**Aim of the task**:
Once the pictures have been excluded, set down each remaining entry word for word.

**Provided records**:
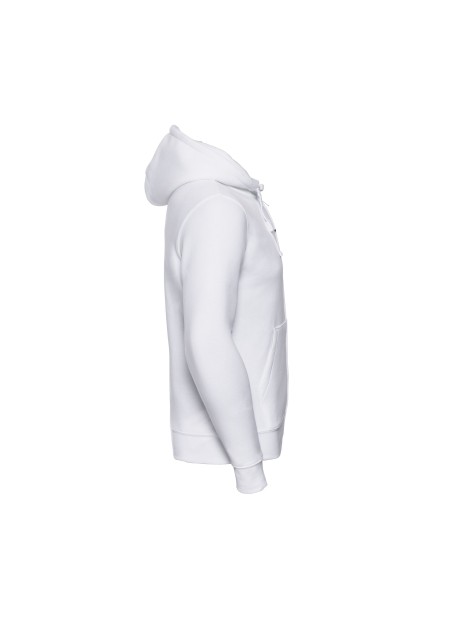 RUSSELL Sweat-shirt zippé capuche Authentic homme blanc personnalisable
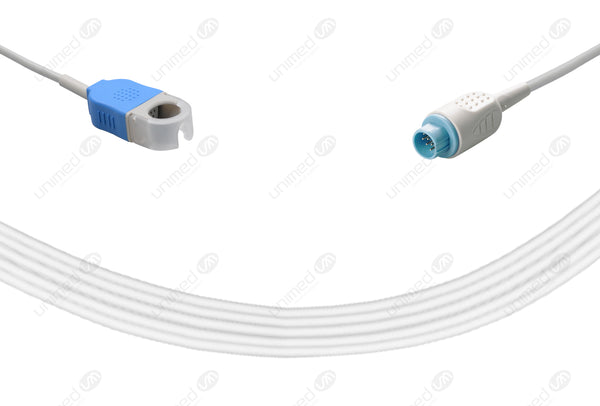 Nihon Kohden Compatible SpO2 Interface Cables - Round 10-pin Connector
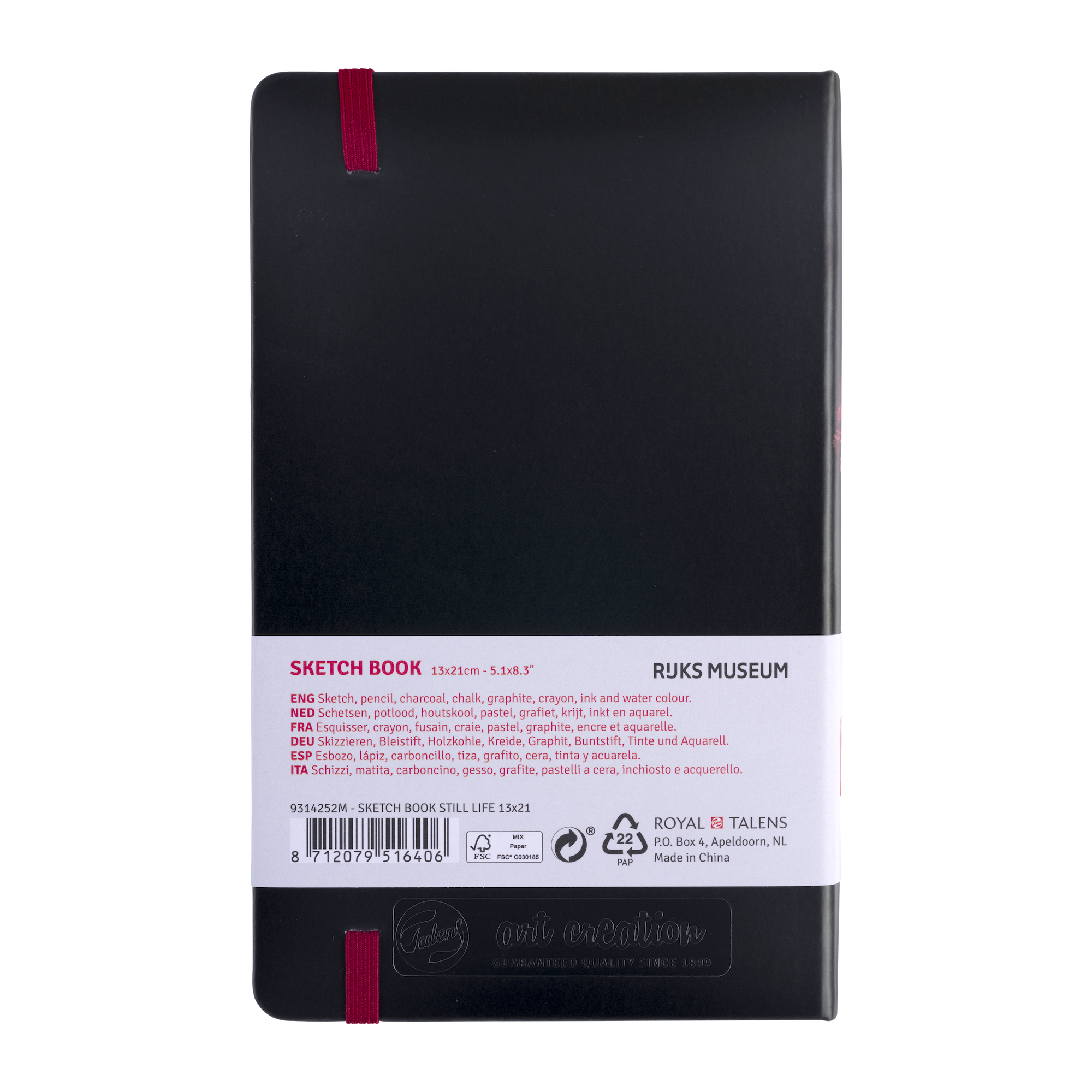 TALENSARTCREATION Cahier de Croquis Nature Morte 13 x 21 cm, 140 g, 80 feuilles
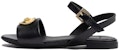 (PS) Sandal Terbuka Tumit Versace Medusa 'Hitam' 1009663-1A00133_1B00V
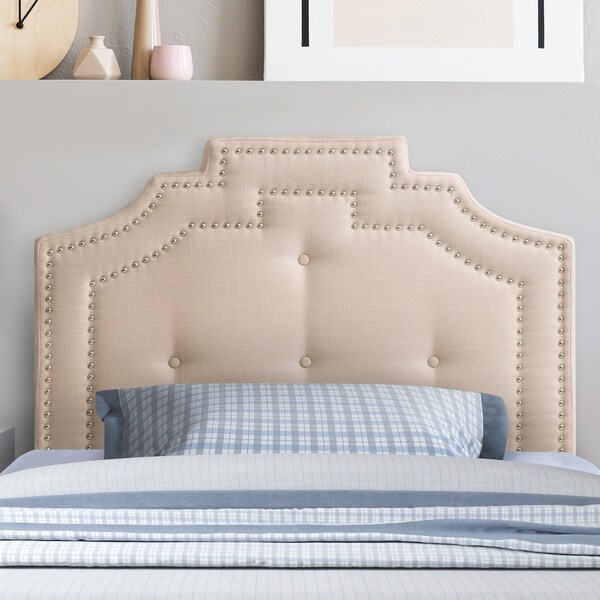 CorLiving Aspen Crown Silhouette Headboard with Button Tufting - Twin/Single - - 28496219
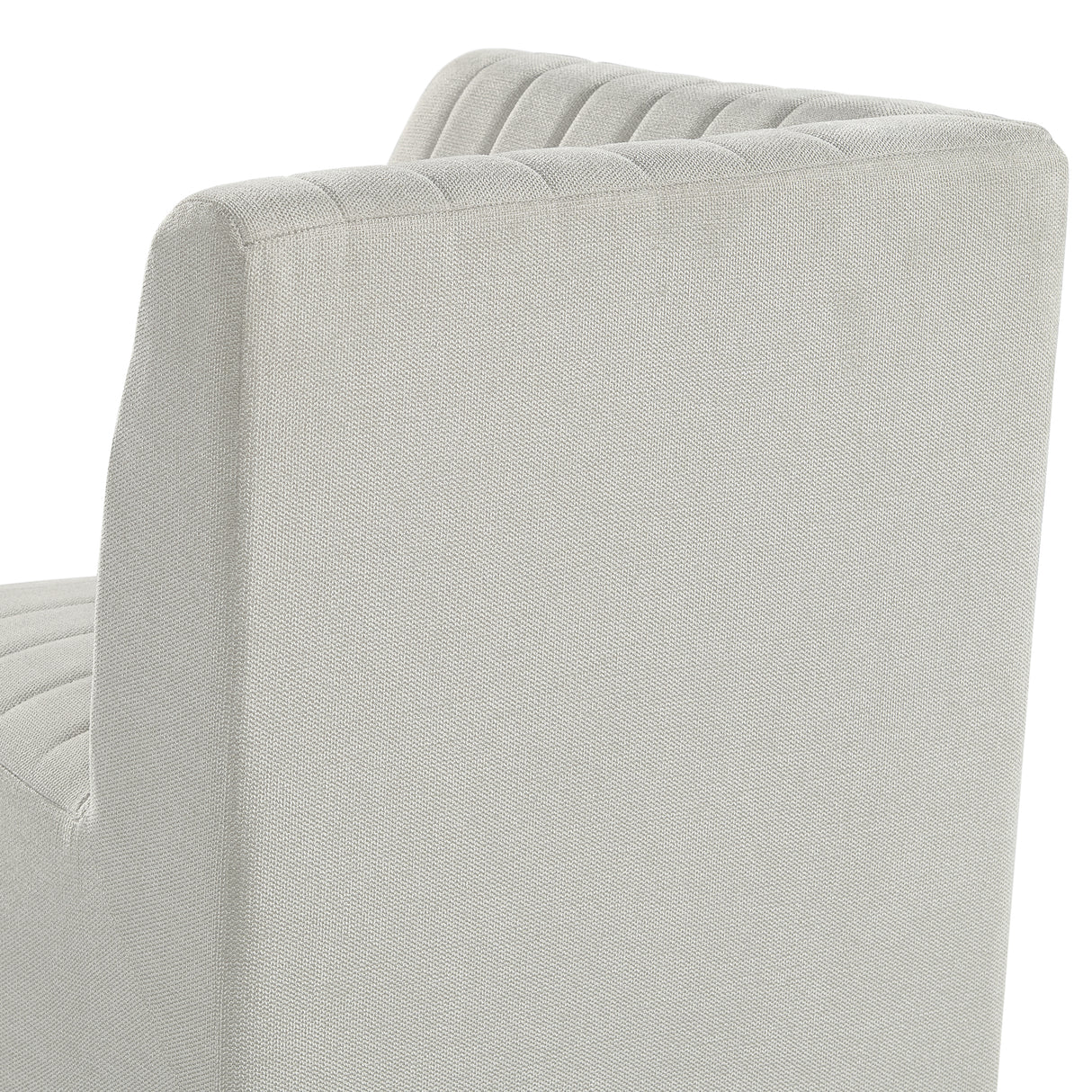 Jemma Upholstered Corner Chair in Beige Linen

**Worked solution**:
 RUSSELL Sweat-shirt zippé capuche Authentic homme blanc personnalisable
 Nihon Kohden Compatible SpO2 Interface Cables - Round 10-pin Connector
 TALENSARTCREATION Cahier de Croquis Nature Morte 13 x 21 cm, 140 g, 80 feuilles
 (PS) Sandal Terbuka Tumit Versace Medusa 'Hitam' 1009663-1A00133_1B00V
 CorLiving Aspen Crown Silhouette Headboard with Button Tufting - Twin/Single - - 28496219
 Jemma Upholstered Corner Chair in Beige Linen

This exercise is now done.